Start of THE DATA

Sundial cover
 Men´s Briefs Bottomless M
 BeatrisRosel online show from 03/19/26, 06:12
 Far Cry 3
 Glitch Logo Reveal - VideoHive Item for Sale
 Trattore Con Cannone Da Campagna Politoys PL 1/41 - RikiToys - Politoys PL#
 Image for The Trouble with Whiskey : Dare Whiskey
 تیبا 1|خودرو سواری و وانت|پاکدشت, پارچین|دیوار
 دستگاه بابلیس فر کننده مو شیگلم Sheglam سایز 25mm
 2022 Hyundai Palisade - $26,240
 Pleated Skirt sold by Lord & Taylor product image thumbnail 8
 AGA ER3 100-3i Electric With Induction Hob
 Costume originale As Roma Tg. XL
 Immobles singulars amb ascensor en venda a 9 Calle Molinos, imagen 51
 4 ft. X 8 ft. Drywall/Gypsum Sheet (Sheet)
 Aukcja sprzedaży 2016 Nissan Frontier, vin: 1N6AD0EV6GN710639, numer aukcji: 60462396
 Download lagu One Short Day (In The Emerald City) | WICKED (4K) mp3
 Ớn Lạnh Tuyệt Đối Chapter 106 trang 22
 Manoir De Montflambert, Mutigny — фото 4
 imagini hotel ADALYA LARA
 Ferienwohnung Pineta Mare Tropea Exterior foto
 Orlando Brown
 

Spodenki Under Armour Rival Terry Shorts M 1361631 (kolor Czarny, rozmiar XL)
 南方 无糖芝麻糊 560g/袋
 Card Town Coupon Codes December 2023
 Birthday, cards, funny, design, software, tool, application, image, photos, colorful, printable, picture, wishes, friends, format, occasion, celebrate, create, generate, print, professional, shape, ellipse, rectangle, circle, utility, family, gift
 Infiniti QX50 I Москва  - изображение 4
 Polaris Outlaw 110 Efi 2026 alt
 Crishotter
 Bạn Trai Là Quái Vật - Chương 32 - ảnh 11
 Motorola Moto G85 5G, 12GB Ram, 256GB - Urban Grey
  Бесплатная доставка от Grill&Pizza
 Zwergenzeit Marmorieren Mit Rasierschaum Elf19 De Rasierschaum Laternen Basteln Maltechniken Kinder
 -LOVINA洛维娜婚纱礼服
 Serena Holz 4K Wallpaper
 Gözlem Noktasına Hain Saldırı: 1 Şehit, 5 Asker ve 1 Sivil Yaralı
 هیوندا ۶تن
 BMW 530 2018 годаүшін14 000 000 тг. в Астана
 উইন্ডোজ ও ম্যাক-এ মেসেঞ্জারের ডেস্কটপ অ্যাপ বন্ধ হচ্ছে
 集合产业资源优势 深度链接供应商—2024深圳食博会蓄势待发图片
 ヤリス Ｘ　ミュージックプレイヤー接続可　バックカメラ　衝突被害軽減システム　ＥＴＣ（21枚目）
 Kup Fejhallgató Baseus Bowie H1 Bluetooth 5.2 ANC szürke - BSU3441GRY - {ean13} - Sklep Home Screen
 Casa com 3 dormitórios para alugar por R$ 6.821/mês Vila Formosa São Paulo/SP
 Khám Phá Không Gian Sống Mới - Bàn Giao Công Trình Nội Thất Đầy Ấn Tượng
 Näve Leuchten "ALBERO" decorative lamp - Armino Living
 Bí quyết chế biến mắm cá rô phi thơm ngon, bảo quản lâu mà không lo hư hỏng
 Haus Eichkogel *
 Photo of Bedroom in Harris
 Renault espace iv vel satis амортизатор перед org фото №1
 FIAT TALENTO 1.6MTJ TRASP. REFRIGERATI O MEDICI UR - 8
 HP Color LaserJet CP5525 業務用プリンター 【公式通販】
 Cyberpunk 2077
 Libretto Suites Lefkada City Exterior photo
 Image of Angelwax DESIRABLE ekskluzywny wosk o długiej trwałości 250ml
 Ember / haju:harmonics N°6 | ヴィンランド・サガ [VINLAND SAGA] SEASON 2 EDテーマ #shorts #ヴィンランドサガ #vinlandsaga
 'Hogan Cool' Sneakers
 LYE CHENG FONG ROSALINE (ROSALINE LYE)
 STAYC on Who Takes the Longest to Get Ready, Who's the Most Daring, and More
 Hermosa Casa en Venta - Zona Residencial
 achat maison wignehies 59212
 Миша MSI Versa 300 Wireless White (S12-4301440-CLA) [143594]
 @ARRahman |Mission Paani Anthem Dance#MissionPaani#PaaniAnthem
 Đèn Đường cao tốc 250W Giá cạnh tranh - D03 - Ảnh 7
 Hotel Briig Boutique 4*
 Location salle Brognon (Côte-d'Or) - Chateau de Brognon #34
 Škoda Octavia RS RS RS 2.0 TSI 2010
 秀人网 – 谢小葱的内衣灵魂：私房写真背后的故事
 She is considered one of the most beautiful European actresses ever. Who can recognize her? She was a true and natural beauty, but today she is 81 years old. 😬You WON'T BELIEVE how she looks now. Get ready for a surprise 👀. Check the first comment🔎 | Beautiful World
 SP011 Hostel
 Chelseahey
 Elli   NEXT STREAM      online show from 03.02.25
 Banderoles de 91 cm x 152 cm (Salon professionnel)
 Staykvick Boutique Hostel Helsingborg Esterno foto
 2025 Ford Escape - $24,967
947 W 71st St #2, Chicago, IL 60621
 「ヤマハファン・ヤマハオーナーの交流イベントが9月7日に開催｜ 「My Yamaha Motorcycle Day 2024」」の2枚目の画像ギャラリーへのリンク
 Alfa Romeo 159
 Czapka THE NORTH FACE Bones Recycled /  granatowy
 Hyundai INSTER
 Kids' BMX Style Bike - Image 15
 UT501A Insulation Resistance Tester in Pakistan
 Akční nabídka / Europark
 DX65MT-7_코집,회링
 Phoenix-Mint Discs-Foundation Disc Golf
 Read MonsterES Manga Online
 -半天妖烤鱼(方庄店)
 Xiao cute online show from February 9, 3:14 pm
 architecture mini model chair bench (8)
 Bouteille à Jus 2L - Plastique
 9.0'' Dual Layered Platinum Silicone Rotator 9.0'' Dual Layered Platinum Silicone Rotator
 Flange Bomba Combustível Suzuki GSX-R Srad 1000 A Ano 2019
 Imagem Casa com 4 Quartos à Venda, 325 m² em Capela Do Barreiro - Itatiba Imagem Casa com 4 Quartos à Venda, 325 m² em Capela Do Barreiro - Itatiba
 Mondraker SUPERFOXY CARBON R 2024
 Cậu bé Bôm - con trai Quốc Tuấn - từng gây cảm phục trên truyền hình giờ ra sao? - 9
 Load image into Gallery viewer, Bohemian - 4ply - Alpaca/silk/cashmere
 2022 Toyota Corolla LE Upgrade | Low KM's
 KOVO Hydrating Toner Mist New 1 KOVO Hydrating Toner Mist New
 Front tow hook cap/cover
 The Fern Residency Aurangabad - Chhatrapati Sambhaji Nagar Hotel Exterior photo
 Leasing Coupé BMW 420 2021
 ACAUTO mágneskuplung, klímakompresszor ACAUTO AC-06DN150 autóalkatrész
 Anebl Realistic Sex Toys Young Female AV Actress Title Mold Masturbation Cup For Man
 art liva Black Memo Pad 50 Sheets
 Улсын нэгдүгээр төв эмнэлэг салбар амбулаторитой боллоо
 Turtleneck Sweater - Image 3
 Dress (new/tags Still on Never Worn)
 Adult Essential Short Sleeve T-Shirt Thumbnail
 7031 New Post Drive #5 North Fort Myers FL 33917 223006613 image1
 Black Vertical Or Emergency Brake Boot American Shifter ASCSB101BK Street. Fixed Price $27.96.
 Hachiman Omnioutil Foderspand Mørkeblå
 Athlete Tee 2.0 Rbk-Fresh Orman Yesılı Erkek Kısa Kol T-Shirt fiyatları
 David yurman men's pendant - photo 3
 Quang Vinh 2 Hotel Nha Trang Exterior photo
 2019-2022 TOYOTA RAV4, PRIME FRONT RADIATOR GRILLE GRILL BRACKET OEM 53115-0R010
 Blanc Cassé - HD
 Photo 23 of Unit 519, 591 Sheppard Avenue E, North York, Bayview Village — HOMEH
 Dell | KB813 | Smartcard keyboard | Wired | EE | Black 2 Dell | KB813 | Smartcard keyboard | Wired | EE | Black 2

End of THE DATA

__PROBLEM REQUIREMENTS__:
Every line from the one containing "Quang Vinh 2 Hotel Nha Trang Exterior photo" through the last line above should be retyped exactly; no other lines are wanted.

__REPLY__:
 Quang Vinh 2 Hotel Nha Trang Exterior photo
 2019-2022 TOYOTA RAV4, PRIME FRONT RADIATOR GRILLE GRILL BRACKET OEM 53115-0R010
 Blanc Cassé - HD
 Photo 23 of Unit 519, 591 Sheppard Avenue E, North York, Bayview Village — HOMEH
 Dell | KB813 | Smartcard keyboard | Wired | EE | Black 2 Dell | KB813 | Smartcard keyboard | Wired | EE | Black 2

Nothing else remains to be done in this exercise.